My parents house has 2X8 floor joists spaning more than they should, they have a slate pool table (probably 400#), my dad did add solid bridging and a plywood subfloor over the tongue and groove subfloor. walking normally you can't fell any type of movement, though a heavy foot, running, or jumping will cause the things on the book shelf and coffe table to rattle.

The structure won't colapse, but it is just not as tight as a properly designed floor system would be


----------



## [email protected] (Nov 13, 2008)

*2x12x20, 12" oc*

Thanks for your reply.
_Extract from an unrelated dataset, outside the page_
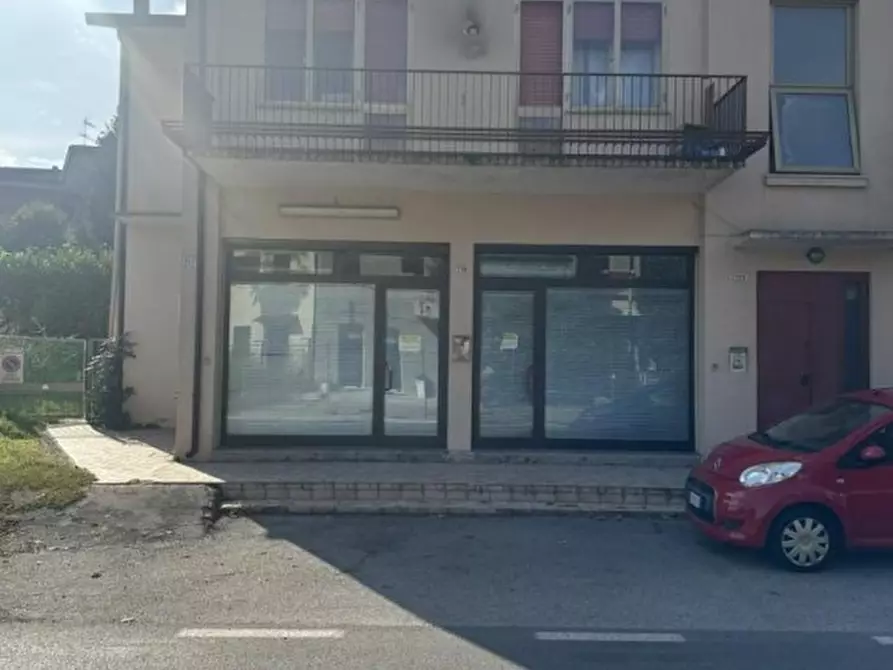 Immagine 6 di Negozio in vendita  in Via Fornaci a Padova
Would the "bounce" or sponginess be reduced much if I were able to run a support beam 2' 6" - 3' in from the end of the joists so that their length was effectively cut down from 20' to 17' or 17 1/2'? Thanks.


----------



## buletbob (May 9, 2008)

I would install a steel beem under the middle of the floor joists I would hate to have the pool ball move as you walk around the table to shoot it.
BOB


----------



## Termite (Apr 13, 2008)

buletbob said:


> I would hate to have the pool ball move as you walk around the table to shoot it.


Oooh, good point Bob.


----------



## [email protected] (Nov 13, 2008)

*2x12x20---12 oc*

Many thanks to all. Do you think the bounce would be lessened much if I were to shorten the span from 20' to 17'?


----------



## buletbob (May 9, 2008)

yes you will less the deflection but it will still be noticeable. whats on your side is the 12"oc 2x12 @17'span not 24'


----------